- [EXERCISE BRIEF]
Please give back, exactly as written, the lines from the line with "(ICON / ΚΑΡΑΓΙΑΝΝΑΚΗΣ" to the line with "3WAYアクセス可能！7.59坪オフィス♪【NLC新大阪17...の画像" in the listing below, leaving out all pictures.

- [STUDY MATERIAL]
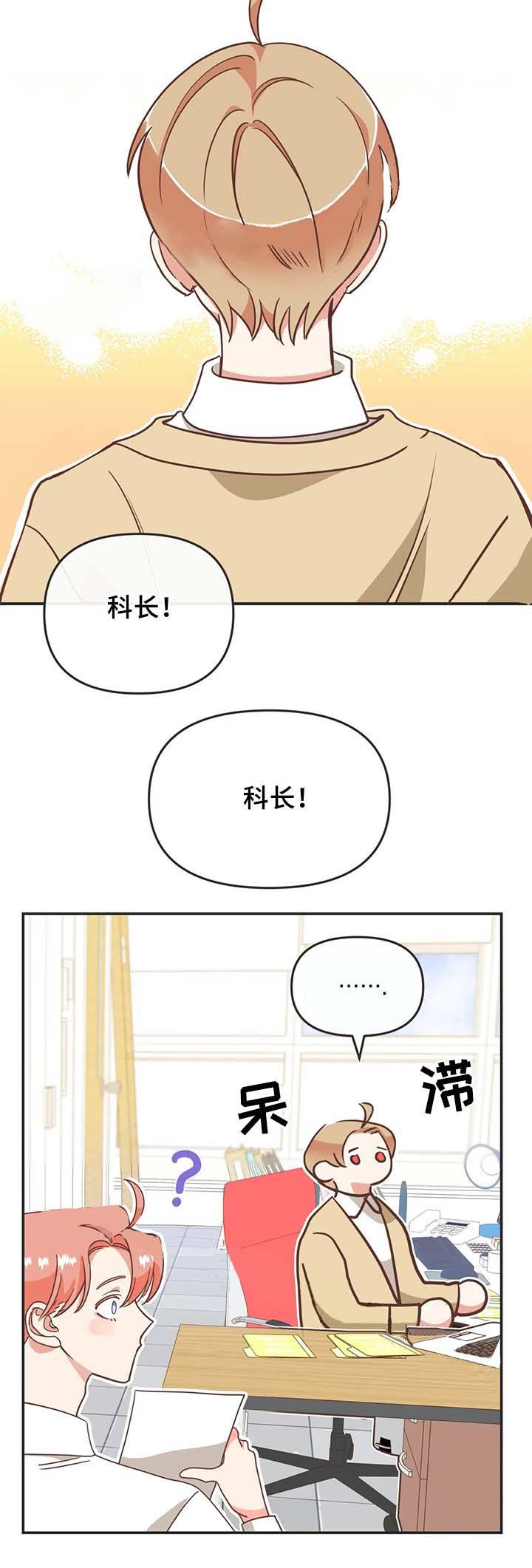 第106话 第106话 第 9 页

==

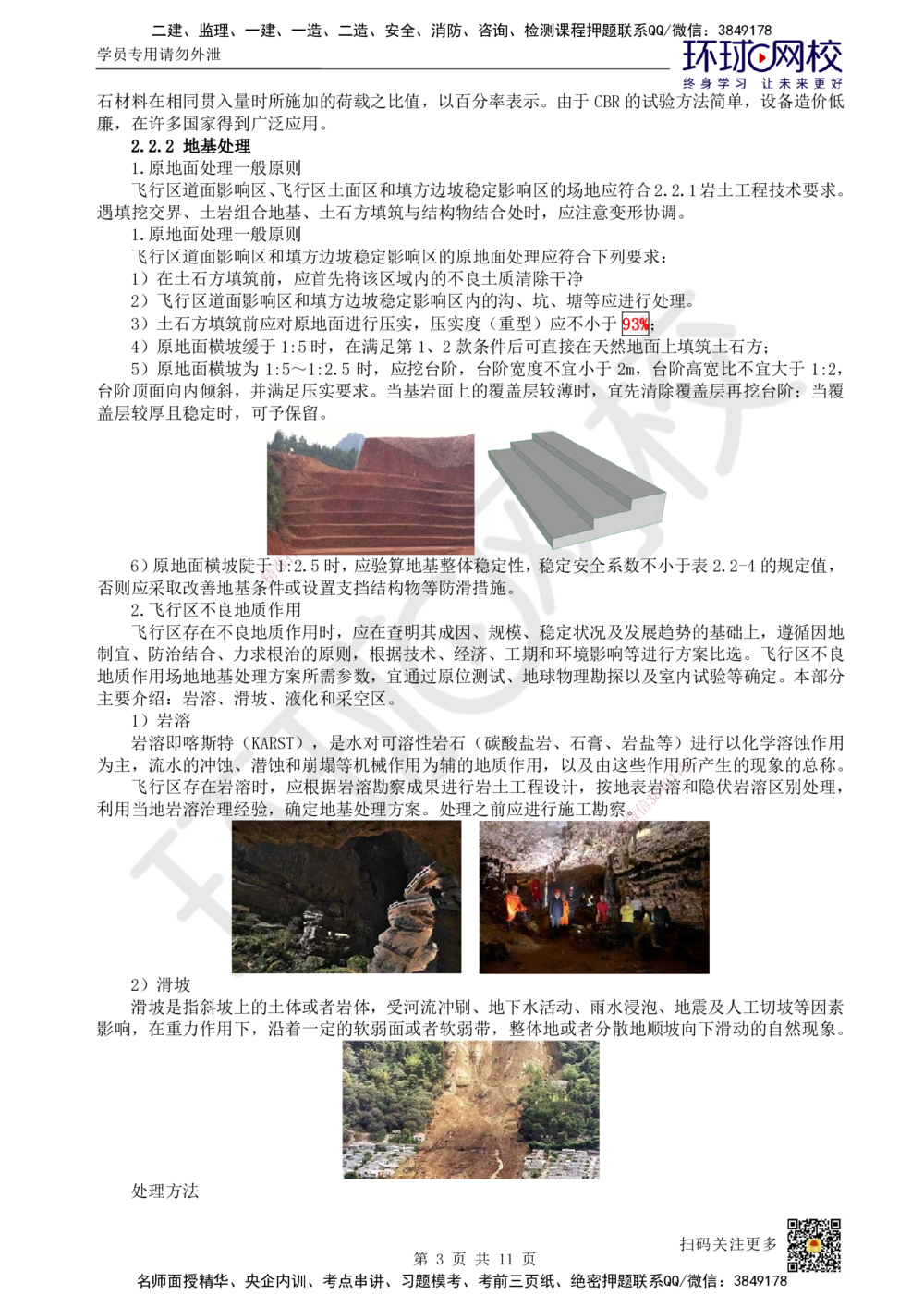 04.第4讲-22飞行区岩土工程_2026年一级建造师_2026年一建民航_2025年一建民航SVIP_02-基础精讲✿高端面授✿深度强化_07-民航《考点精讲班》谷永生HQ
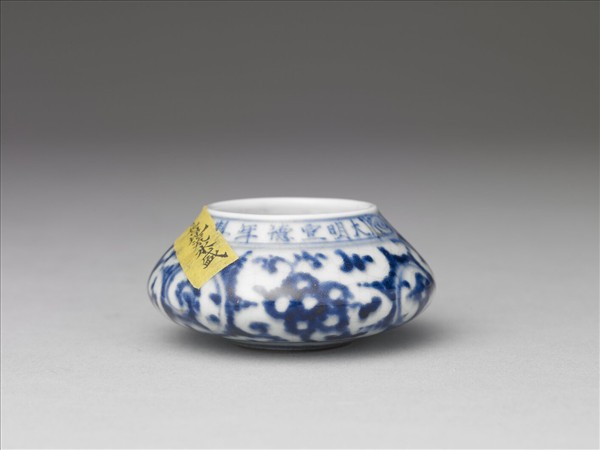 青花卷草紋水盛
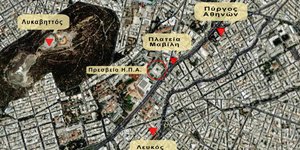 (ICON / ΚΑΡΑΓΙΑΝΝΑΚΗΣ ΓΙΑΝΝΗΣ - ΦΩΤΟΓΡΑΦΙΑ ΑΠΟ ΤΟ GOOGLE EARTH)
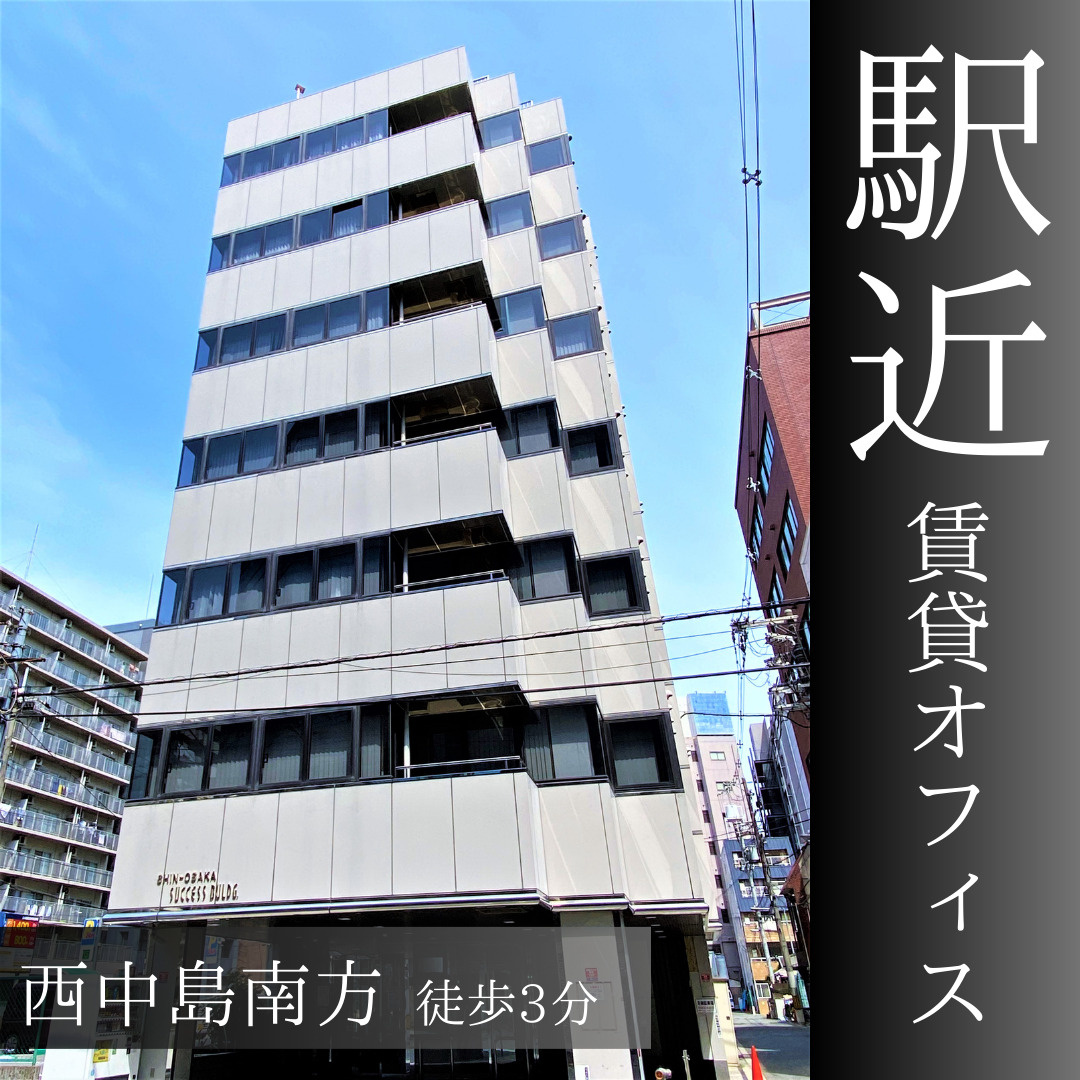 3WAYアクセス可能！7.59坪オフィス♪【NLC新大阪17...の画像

* * *

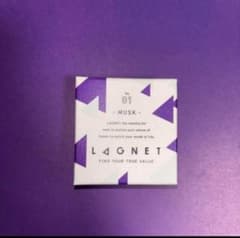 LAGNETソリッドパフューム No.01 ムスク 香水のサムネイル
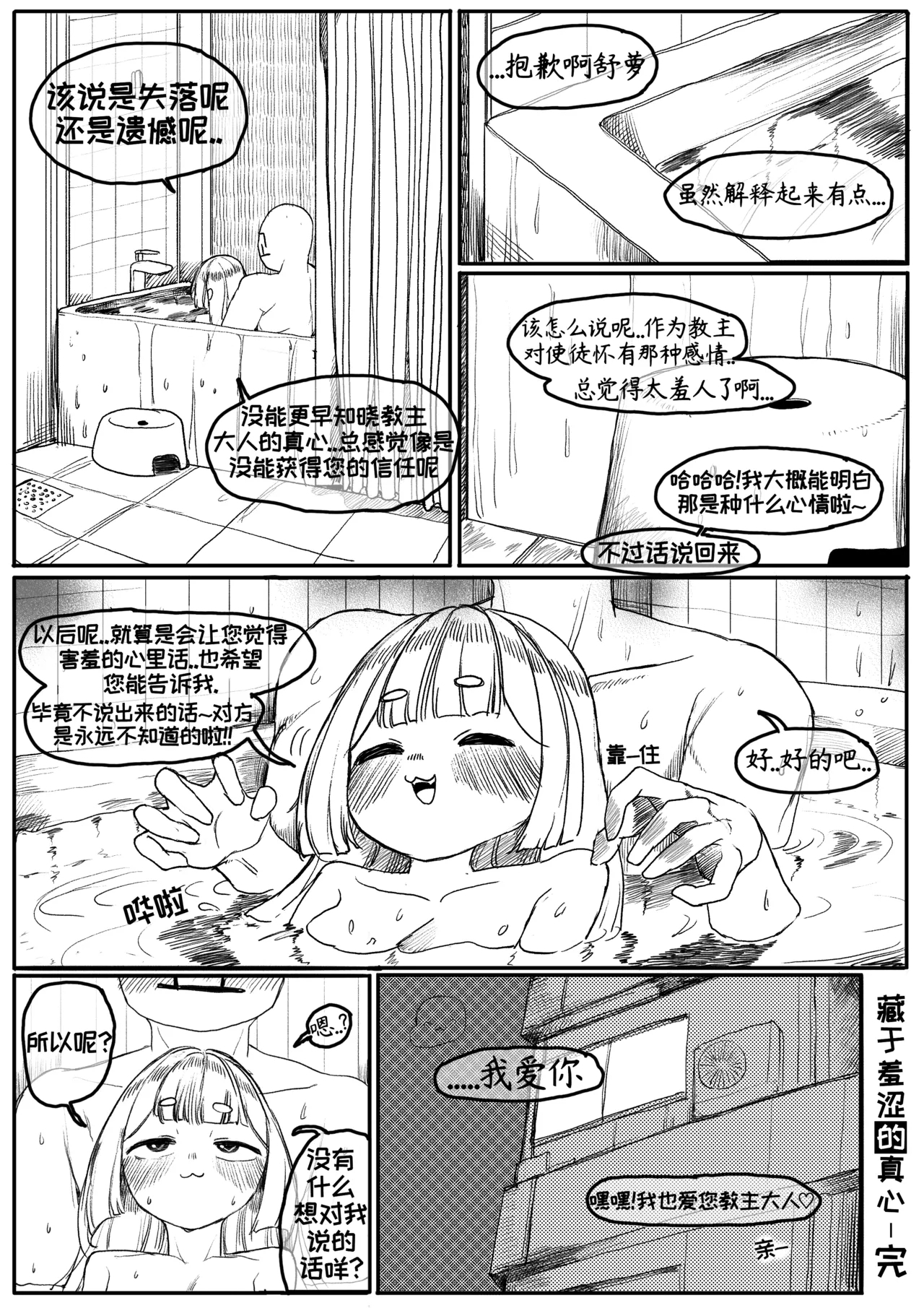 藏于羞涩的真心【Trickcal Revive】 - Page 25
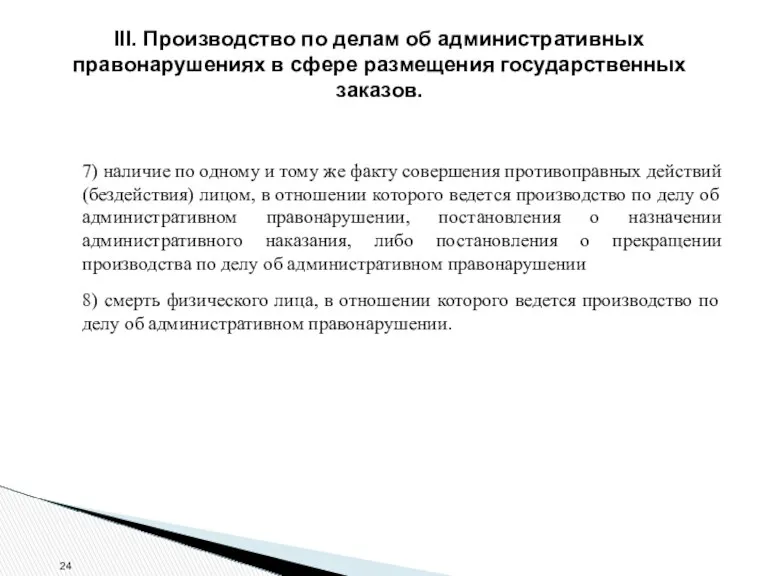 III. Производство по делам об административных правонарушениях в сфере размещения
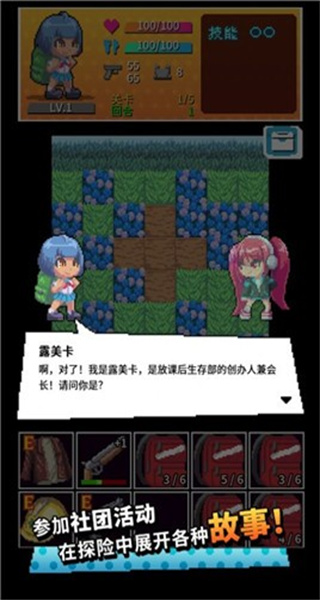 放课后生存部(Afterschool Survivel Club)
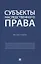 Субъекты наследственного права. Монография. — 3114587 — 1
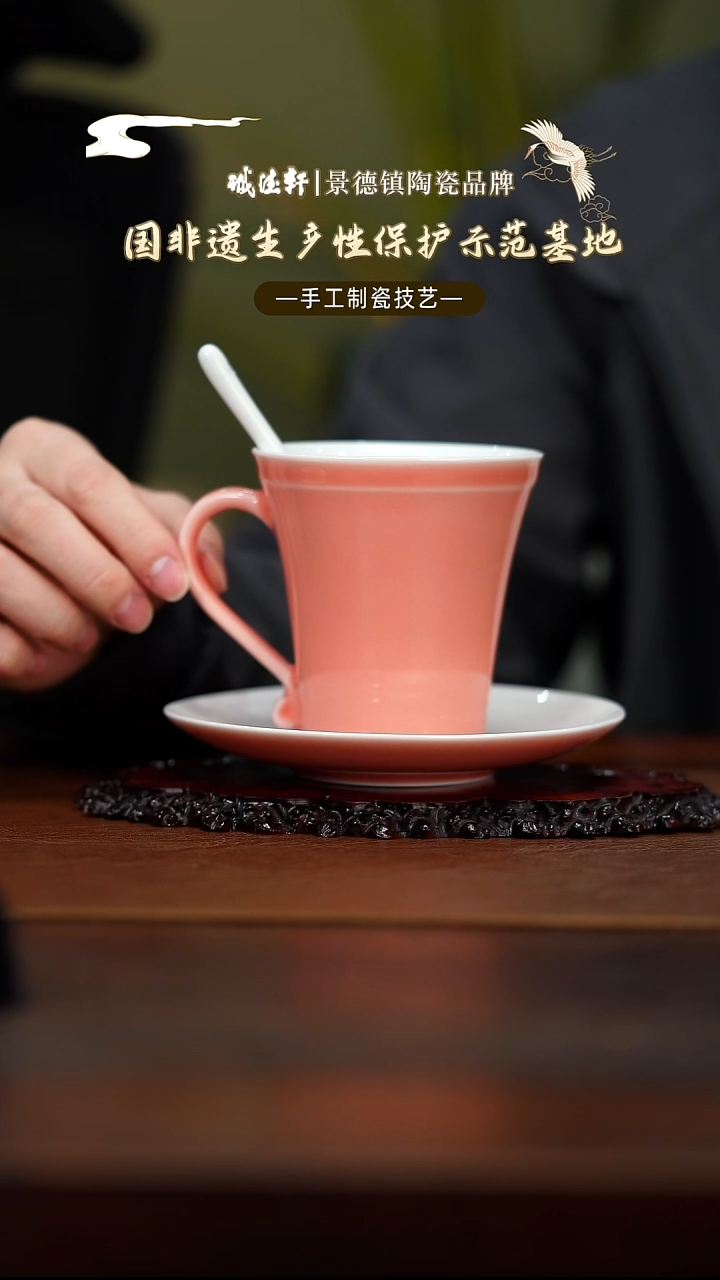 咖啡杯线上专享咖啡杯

- [ANSWER SECTION]
 (ICON / ΚΑΡΑΓΙΑΝΝΑΚΗΣ ΓΙΑΝΝΗΣ - ΦΩΤΟΓΡΑΦΙΑ ΑΠΟ ΤΟ GOOGLE EARTH)
 3WAYアクセス可能！7.59坪オフィス♪【NLC新大阪17...の画像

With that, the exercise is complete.